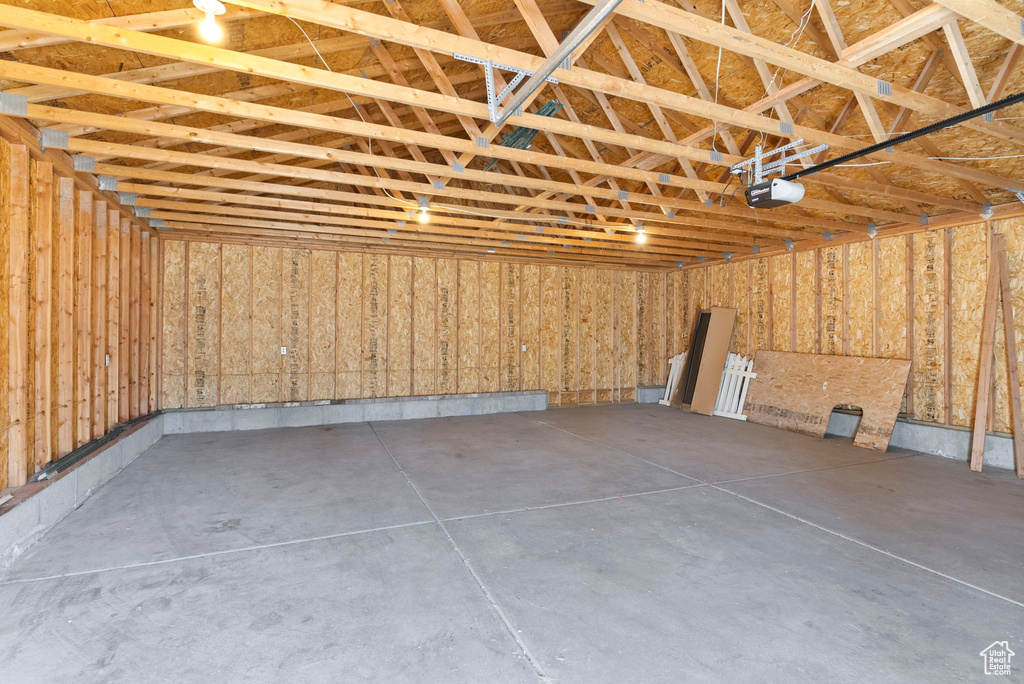 Garage featuring a garage door opener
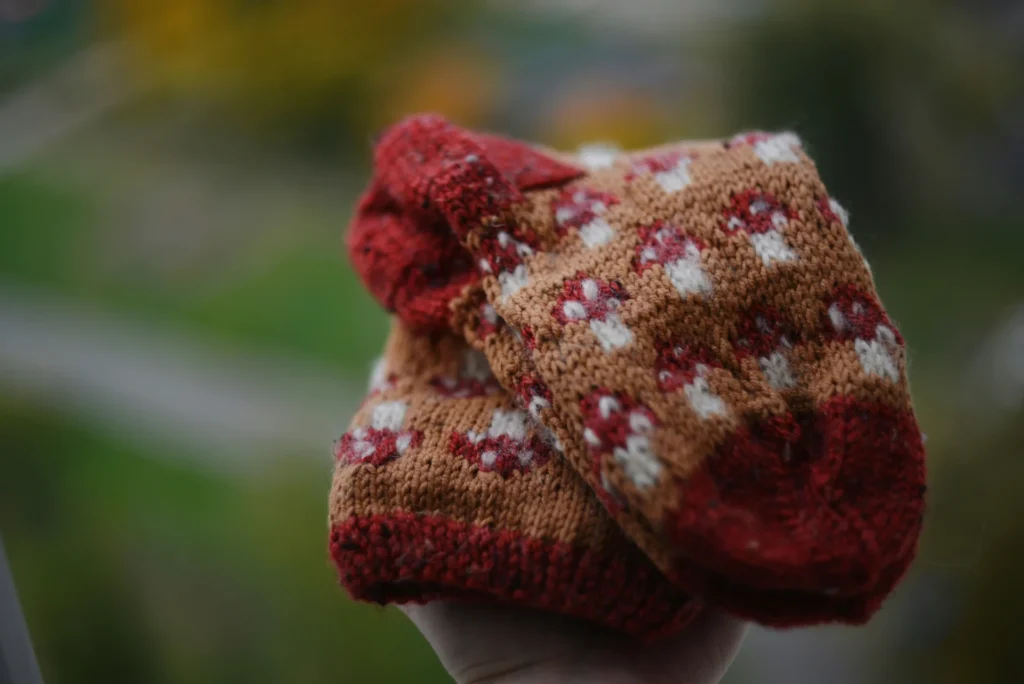 How to Change Your Game in Finding Custom Beanies A person holding caps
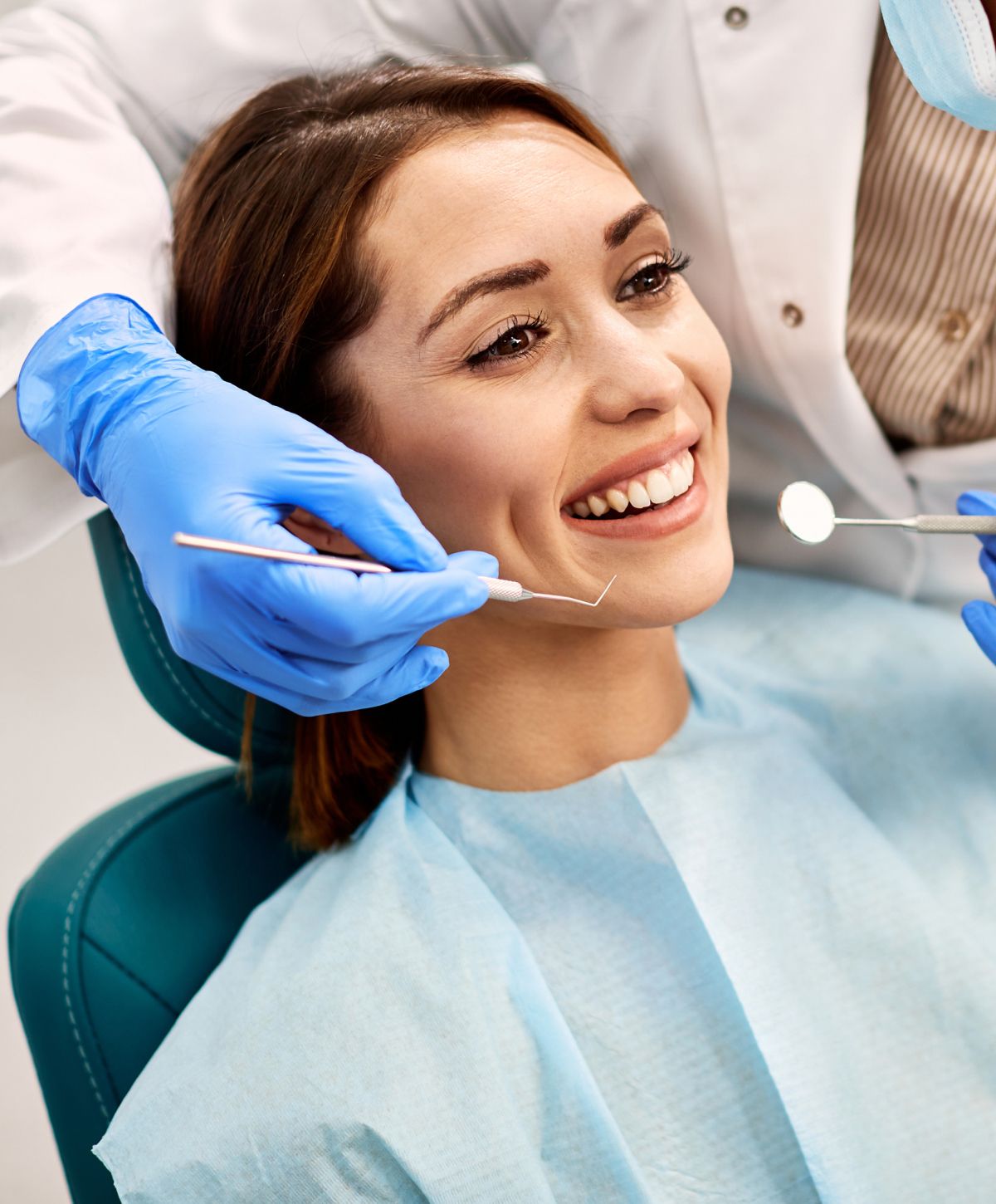 Patient smiling during dental check-up appointment.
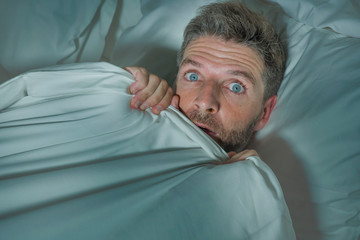  stressed and scared man alone in bed awake at night in fear after having a nightmare feeling paranoid holding the blanket in funny panic face expression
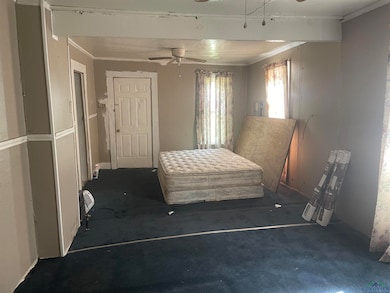 Bedroom featuring crown molding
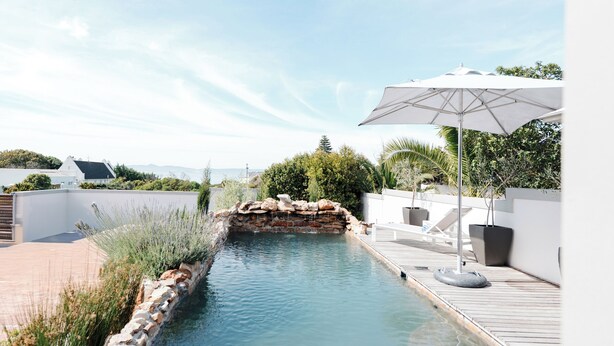 A clear pool with a wooden deck, surrounded by a white wall and greenery. - Whale Away Guest House (Hermanus)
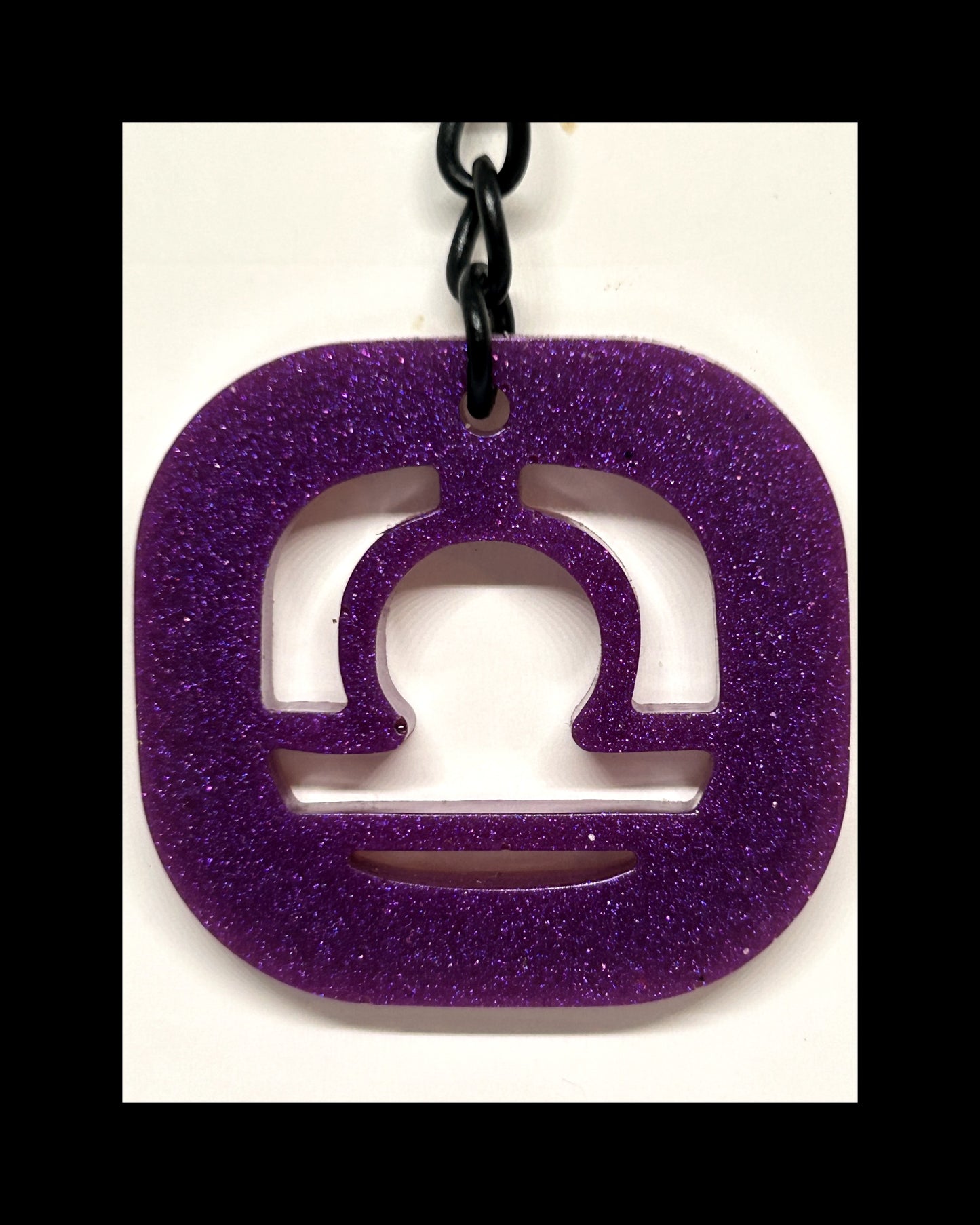 Plum resin zodiac keychains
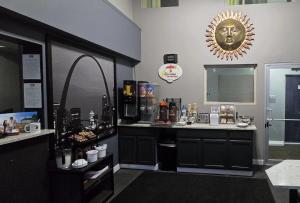 a room with a counter with a counter top with aitating at Super 8 by Wyndham Belleville St. Louis Area in Belleville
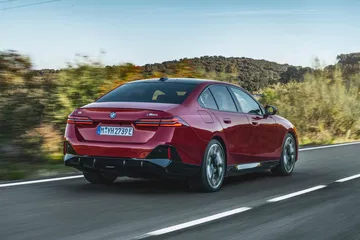 Vista dinámica de la trasera y lateral de un BMW Serie 5 en movimiento.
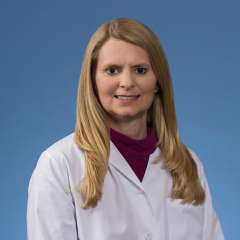 Blonde woman, Kailee Gaffny, wearing a white lab coat over a maroon top, stands in a professional, confident pose against a blue background.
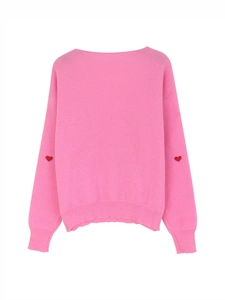 Dettaglio maglione rosa in maglia con ricamo a cuore rosso sulle maniche e polsini a coste
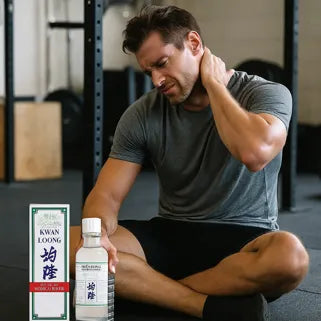 Un homme applique l’huile Kwan Loong sur son cou pour soulager douleur et tension musculaire intense.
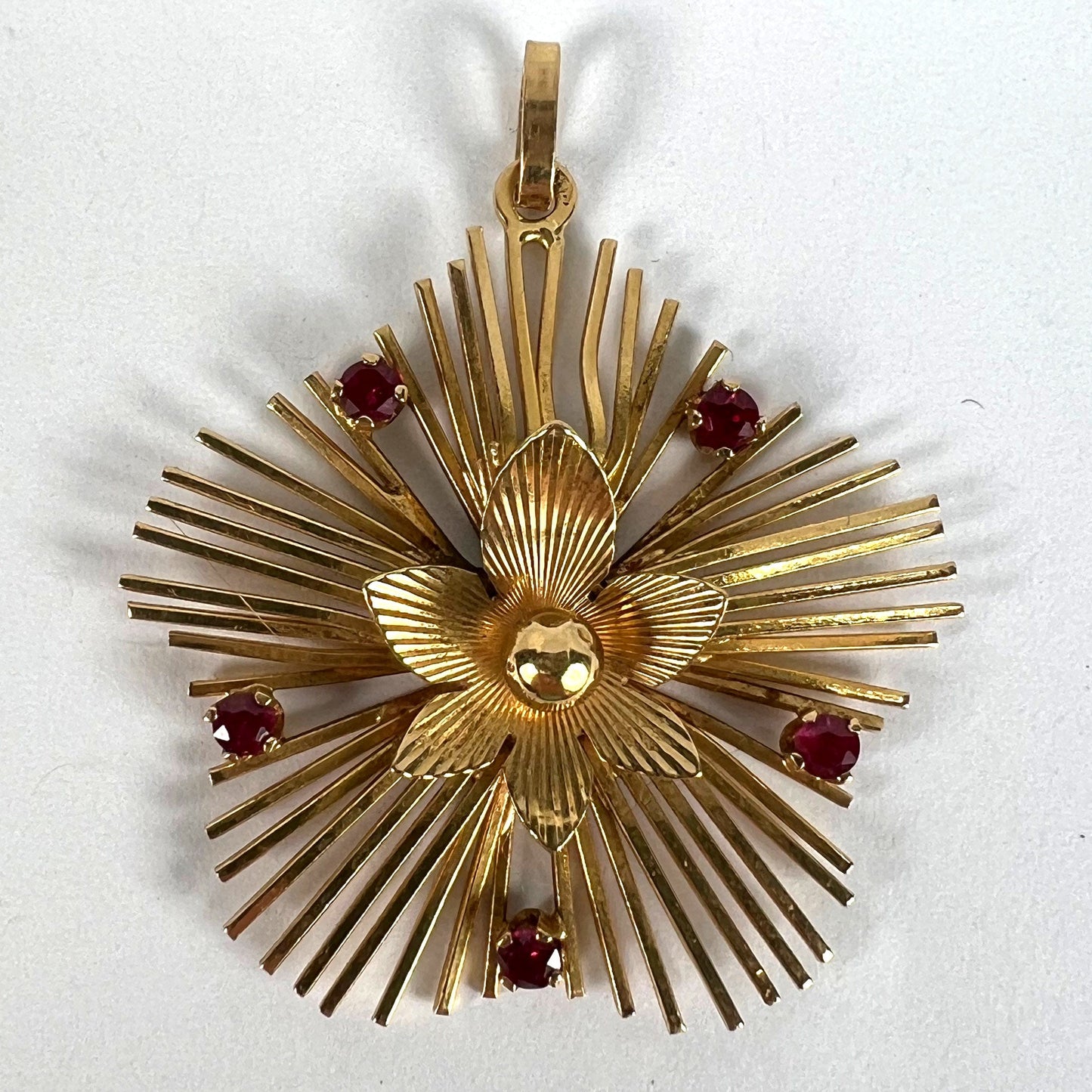 A yellow gold floral sunburst pendant with rubies, on a white background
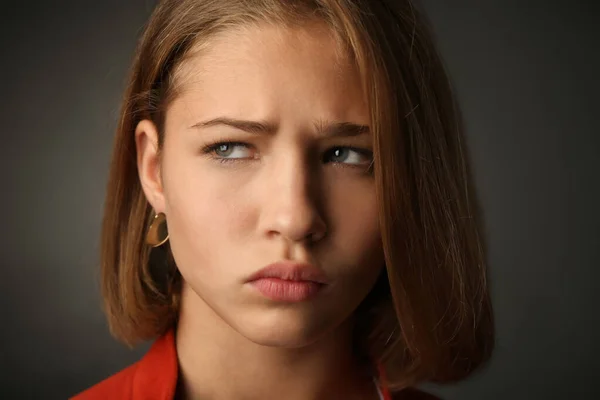 Sad teenage girl on dark background, closeup — Stock Photo, Image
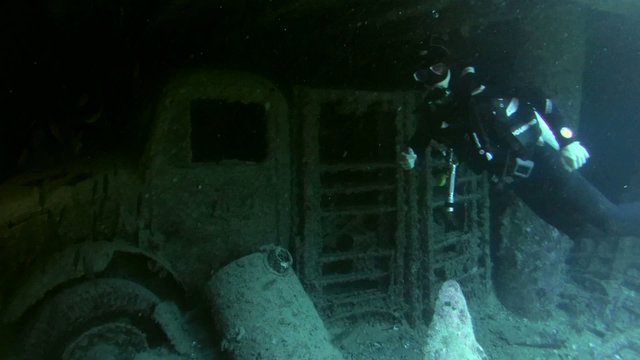 Diver looking at cars in the hold of a sunken ship Thistlegorm 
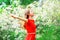 Happy young woman enjoys smell in flowering garden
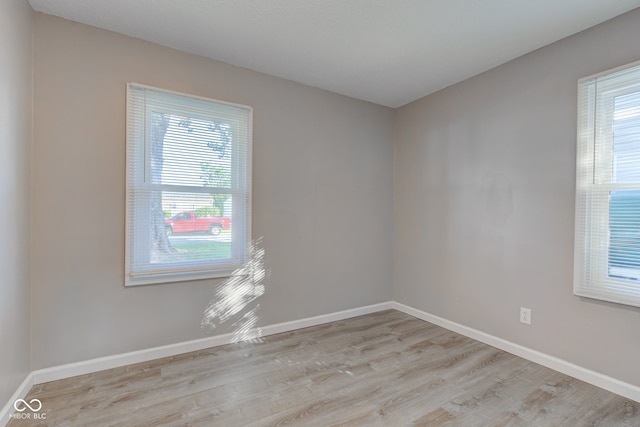 1453 Churchill Rd, Franklin, IN 46131 - empty room with wood finished floors and plenty of natural light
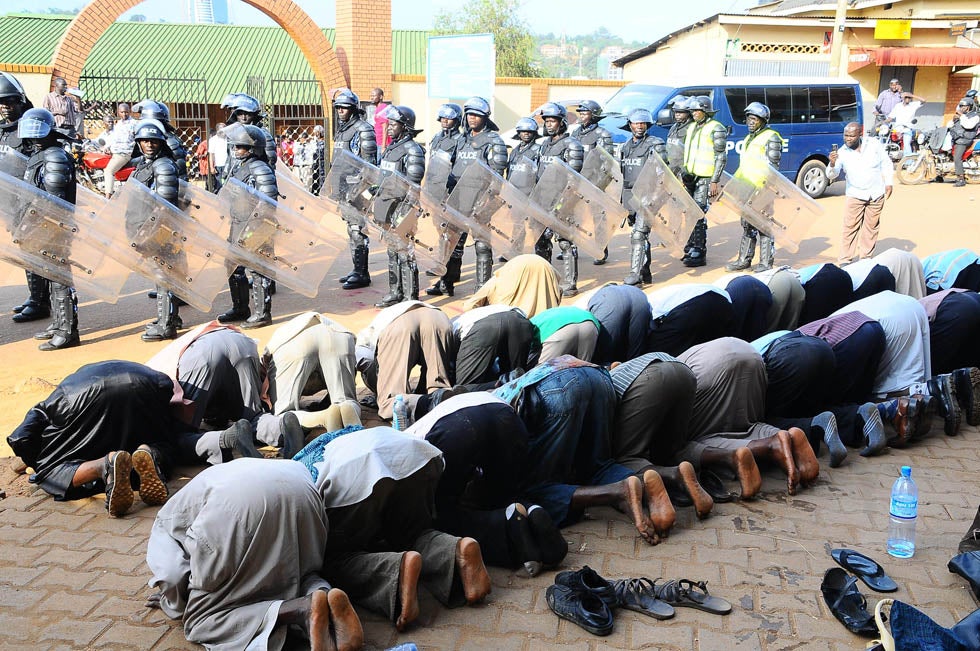 Muslim protestors pray near Ugandan anti-riot police on the streets of Kampala. Kasamani Isaac is a photojournalist based in Uganda who works for the <a href="http://www.monitor.co.ug/"><em>Daily Monitor</em></a>, the leading independent paper in the region. He is also a stringer for Getty Images.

::::

# Work request
Treat the line with "Bedroom featuring crown molding" as the start and the line with "1453 Churchill Rd, Franklin, IN" as the end, and return exactly that span of the data above, both ends included, without pictures.

# Solved exercise
 Bedroom featuring crown molding
 A clear pool with a wooden deck, surrounded by a white wall and greenery. - Whale Away Guest House (Hermanus)
 Plum resin zodiac keychains
 a room with a counter with a counter top with aitating at Super 8 by Wyndham Belleville St. Louis Area in Belleville
 Vista dinámica de la trasera y lateral de un BMW Serie 5 en movimiento.
 Blonde woman, Kailee Gaffny, wearing a white lab coat over a maroon top, stands in a professional, confident pose against a blue background.
 Dettaglio maglione rosa in maglia con ricamo a cuore rosso sulle maniche e polsini a coste
 Un homme applique l’huile Kwan Loong sur son cou pour soulager douleur et tension musculaire intense.
 A yellow gold floral sunburst pendant with rubies, on a white background
 Sad teenage girl on dark background, closeup — Stock Photo, Image
 Diver looking at cars in the hold of a sunken ship Thistlegorm 
 Happy young woman enjoys smell in flowering garden
 1453 Churchill Rd, Franklin, IN 46131 - empty room with wood finished floors and plenty of natural light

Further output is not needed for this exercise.